The issue about the appointment of an adversarial witness has been contentious since the release of the report of the single expert witness. The single expert witness, Ms W, was appointed by order and on 16 March 2007, a joint letter of instructions was sent to her.
On 1 June 2007 Justice Le Poer Trench made an order which was not by consent of the parties but made without argument permitting the husband to file an affidavit of Mr G but the wife’s position in relation to the ability of the husband to rely upon the affidavit was reserved.
Sensibly, the parties agreed that the proposed adversarial witness and the single expert should communicate with one another to prepare a joint statement of experts.
Notwithstanding the process that has transpired subsequent to the orders of Justice Le Poer Trench, the wife has maintained her objections to the filing of the affidavit of Mr G
In this case, the parties have a pool of assets which is somewhere in the vicinity of $14,000,000.00 to $15,500,000.00 depending on a number of issues. One of those is the treatment of the wife’s contingent interest in her father’s estate as a residuary beneficiary.
The significant arguments relate to the contribution that each party has made during their 30 year marriage, but also about what money should be added back to the pool.
In respect of the discrete issue of the adversarial expert witness, in my view, the dispute is not enormous. According to the single expert, the husband has various interests including loan accounts, capital accounts and shares in the P Group which she values at $1,376,000.00. The husband’s view is that that is wrong and that the value is about $995,000.00. The difference is therefore about $380,000.00 or 2.5 per cent of the total pool of assets depending upon which net sum is ultimately found to be the case.

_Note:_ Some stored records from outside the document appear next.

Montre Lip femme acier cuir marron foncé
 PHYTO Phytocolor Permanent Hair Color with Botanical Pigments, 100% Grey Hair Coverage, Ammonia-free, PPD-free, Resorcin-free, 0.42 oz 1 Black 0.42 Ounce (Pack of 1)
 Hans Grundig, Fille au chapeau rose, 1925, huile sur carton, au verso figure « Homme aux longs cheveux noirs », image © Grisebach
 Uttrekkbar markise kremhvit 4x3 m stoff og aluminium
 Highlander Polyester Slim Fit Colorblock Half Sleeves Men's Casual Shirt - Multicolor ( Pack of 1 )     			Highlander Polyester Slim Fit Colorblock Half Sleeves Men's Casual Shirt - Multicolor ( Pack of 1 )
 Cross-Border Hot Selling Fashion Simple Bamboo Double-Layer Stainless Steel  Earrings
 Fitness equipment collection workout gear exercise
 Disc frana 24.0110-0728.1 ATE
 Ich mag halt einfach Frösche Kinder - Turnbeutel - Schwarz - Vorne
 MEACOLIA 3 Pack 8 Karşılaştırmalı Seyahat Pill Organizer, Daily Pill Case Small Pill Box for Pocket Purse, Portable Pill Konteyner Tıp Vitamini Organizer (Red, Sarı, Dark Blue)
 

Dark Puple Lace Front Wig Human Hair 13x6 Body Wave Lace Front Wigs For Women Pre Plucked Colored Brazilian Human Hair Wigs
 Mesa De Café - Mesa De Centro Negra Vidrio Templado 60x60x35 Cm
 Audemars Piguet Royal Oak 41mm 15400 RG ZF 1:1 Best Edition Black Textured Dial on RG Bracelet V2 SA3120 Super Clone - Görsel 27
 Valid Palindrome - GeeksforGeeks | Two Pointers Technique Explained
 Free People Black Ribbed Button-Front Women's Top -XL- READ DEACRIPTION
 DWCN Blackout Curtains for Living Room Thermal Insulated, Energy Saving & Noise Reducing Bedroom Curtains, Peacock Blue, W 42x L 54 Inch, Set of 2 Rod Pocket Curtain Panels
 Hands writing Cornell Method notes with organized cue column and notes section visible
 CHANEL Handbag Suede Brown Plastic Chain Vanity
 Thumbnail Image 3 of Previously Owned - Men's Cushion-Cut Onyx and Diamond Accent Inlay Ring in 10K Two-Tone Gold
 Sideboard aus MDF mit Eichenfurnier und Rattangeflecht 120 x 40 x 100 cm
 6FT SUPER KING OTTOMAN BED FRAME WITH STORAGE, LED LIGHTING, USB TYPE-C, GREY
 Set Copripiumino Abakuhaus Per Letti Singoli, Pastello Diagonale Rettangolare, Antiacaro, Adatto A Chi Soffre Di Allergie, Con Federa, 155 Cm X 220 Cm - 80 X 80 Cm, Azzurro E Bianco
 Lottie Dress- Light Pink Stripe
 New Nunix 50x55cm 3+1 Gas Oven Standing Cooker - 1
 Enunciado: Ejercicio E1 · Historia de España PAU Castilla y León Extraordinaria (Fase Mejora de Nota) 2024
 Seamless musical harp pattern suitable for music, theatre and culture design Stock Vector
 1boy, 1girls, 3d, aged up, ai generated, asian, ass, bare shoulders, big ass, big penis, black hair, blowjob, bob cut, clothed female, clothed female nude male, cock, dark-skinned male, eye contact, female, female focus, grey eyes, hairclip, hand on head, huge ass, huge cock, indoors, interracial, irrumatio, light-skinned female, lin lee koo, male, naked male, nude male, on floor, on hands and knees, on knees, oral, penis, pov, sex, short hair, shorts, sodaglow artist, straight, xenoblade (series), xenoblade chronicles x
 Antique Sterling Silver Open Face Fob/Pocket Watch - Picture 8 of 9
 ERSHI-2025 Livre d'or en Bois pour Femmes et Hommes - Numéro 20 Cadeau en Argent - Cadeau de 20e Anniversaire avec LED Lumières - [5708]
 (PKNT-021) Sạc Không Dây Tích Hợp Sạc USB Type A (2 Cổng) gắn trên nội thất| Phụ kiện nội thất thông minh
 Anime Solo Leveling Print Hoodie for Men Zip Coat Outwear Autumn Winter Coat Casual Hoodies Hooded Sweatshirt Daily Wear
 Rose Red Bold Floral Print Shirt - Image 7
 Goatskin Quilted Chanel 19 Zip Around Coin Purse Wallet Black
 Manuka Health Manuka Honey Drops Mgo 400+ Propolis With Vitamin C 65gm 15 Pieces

The significant dispute within this discrete issue is the valuation of the husband’s shares in the Group.
The determination of this matter is largely, but not entirely, governed by Chapter 15 of the Family Law Rules 2004.
Rule 15.42 sets out the purpose of this part and the Rules provide those purposes as:
(a)to ensure that parties obtain expert evidence only in relation to a significant issue in dispute;
(b)to restrict expert evidence to that which is necessary to resolve or determine a case;
(c)to ensure that, if practicable and without compromising the interests of justice, expert evidence is given on an issue by a single expert witness;
(d)to avoid unnecessary costs arising from the appointment of more than one expert witness; and
(e)to enable a party to apply for permission to tender a report or adduce evidence from an expert witness appointed by that party, if necessary in the interests of justice.
The over-arching principle behind the Family Law Rules is set out in Rule 1.04:
The main purpose of these Rules is to ensure that each case is resolved in a just and timely manner at a cost to the parties and the court that is reasonable in the circumstances of the case.
Rule 15.49 says:
(1)If a single expert witness has been appointed to prepare a report or give evidence in relation to an issue, a party must not tender a report or adduce evidence from another expert witness on the same issue without the court’s permission.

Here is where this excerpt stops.